Write every line below out again exactly, images omitted.
======== DATA SECTION ========
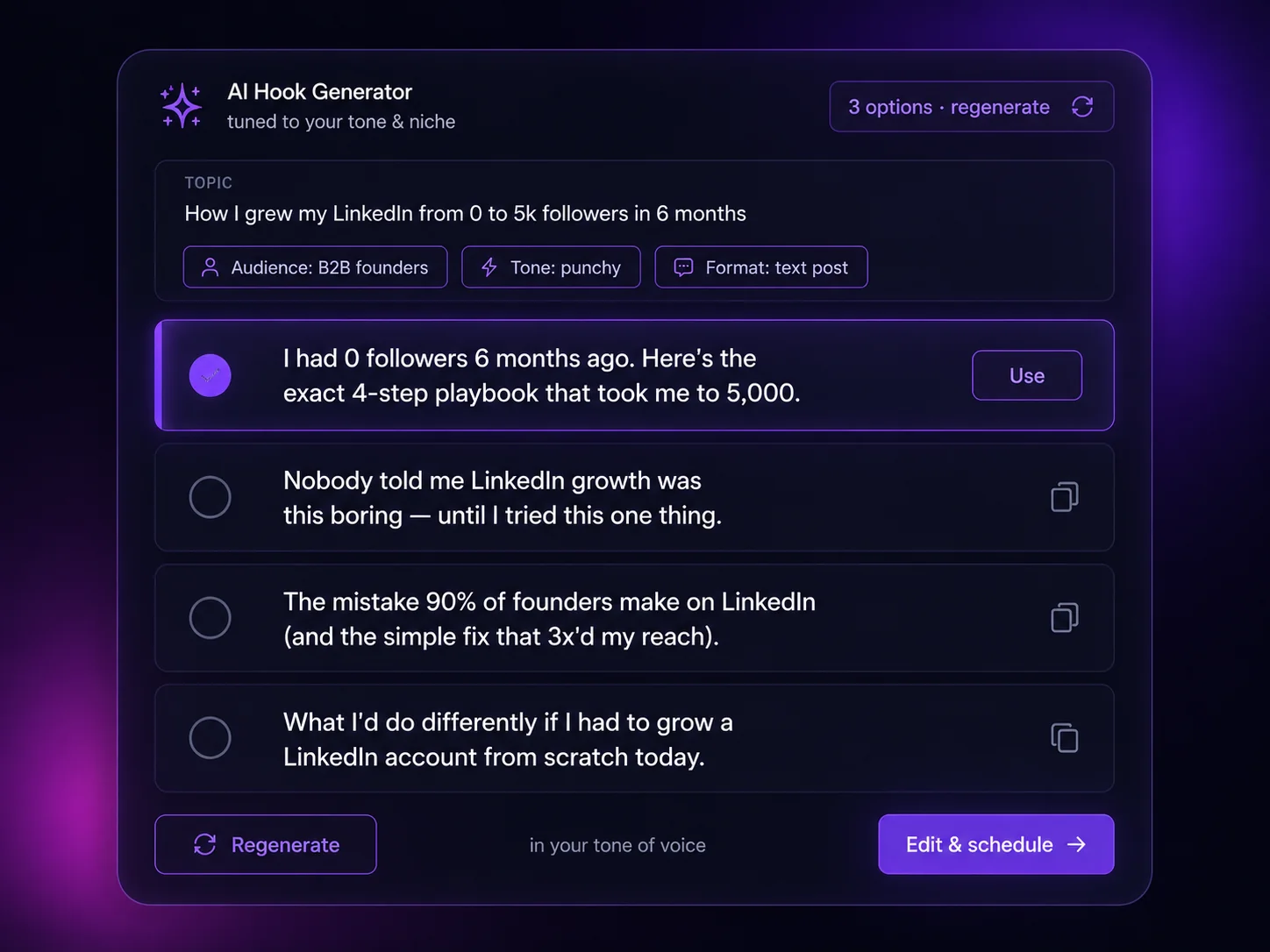 Linkziy AI hook generator suggesting multiple LinkedIn hook variants for a topic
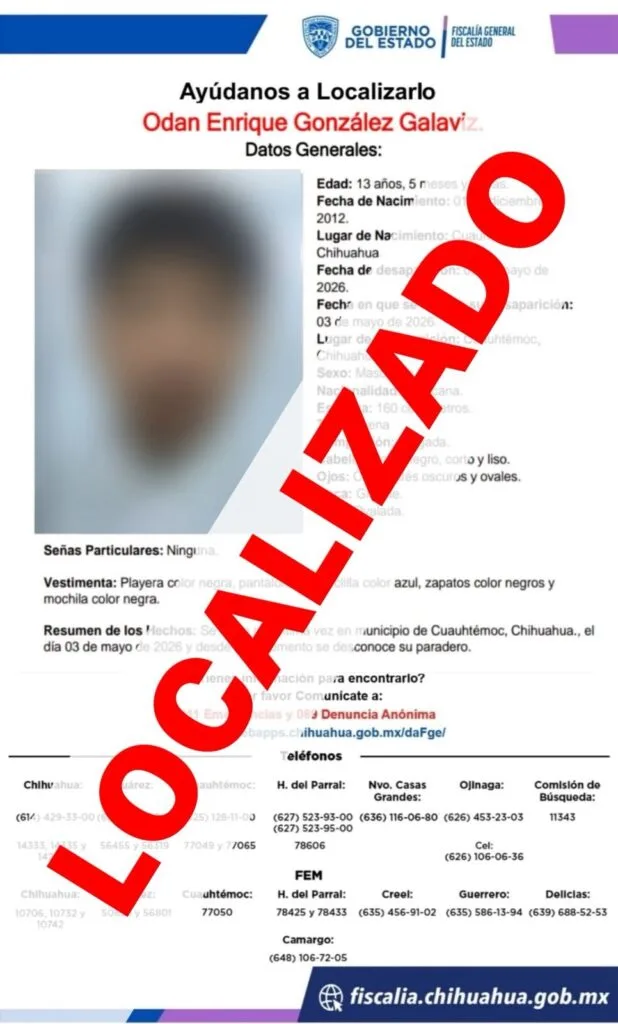 Fiscalía localiza a dos menores desaparecidos en Chihuahua - imagen 2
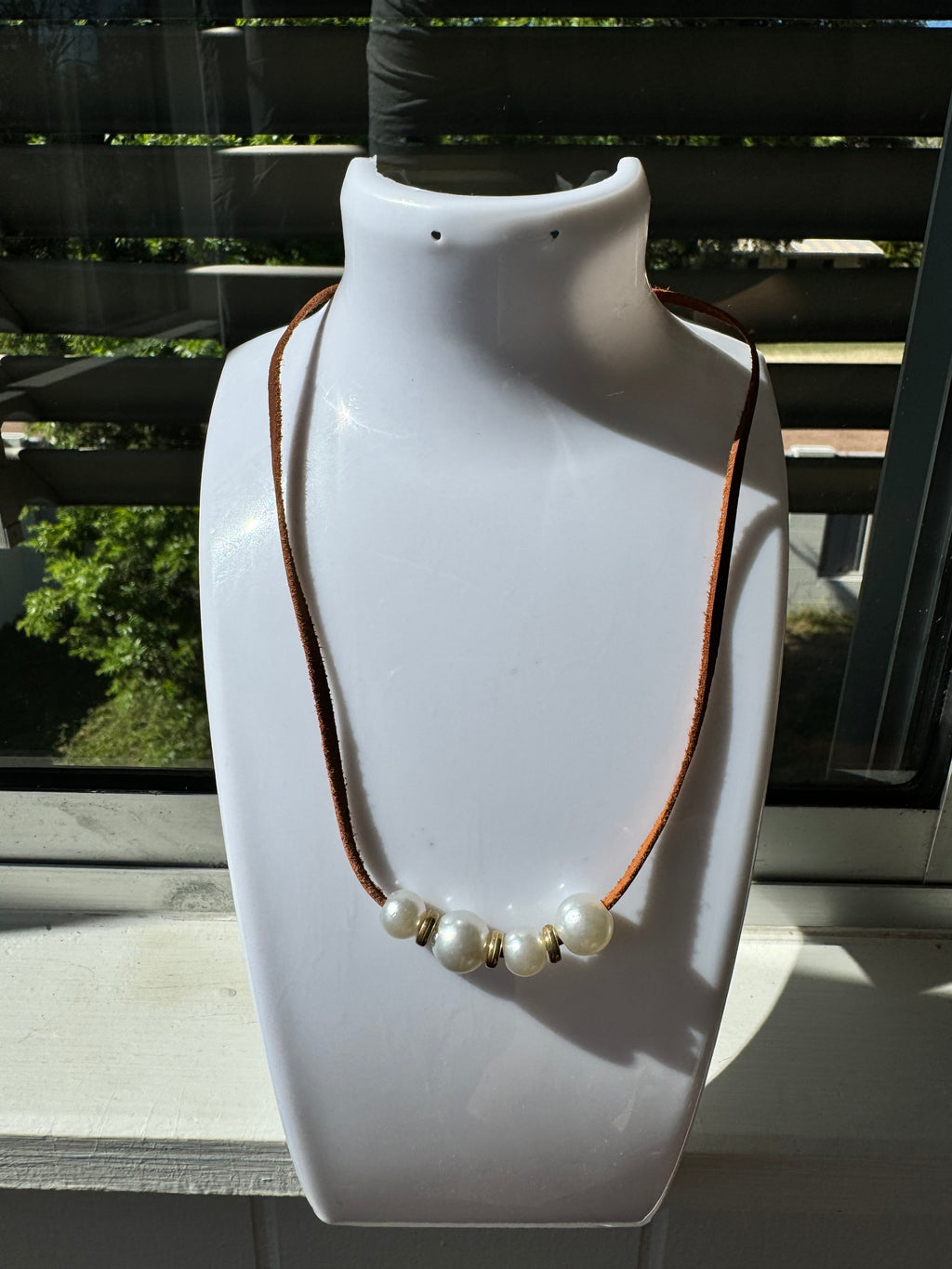Brown Pearl Choker Necklace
========
EXERCISE SOLUTION
 Linkziy AI hook generator suggesting multiple LinkedIn hook variants for a topic
 Fiscalía localiza a dos menores desaparecidos en Chihuahua - imagen 2
Brown Pearl Choker Necklace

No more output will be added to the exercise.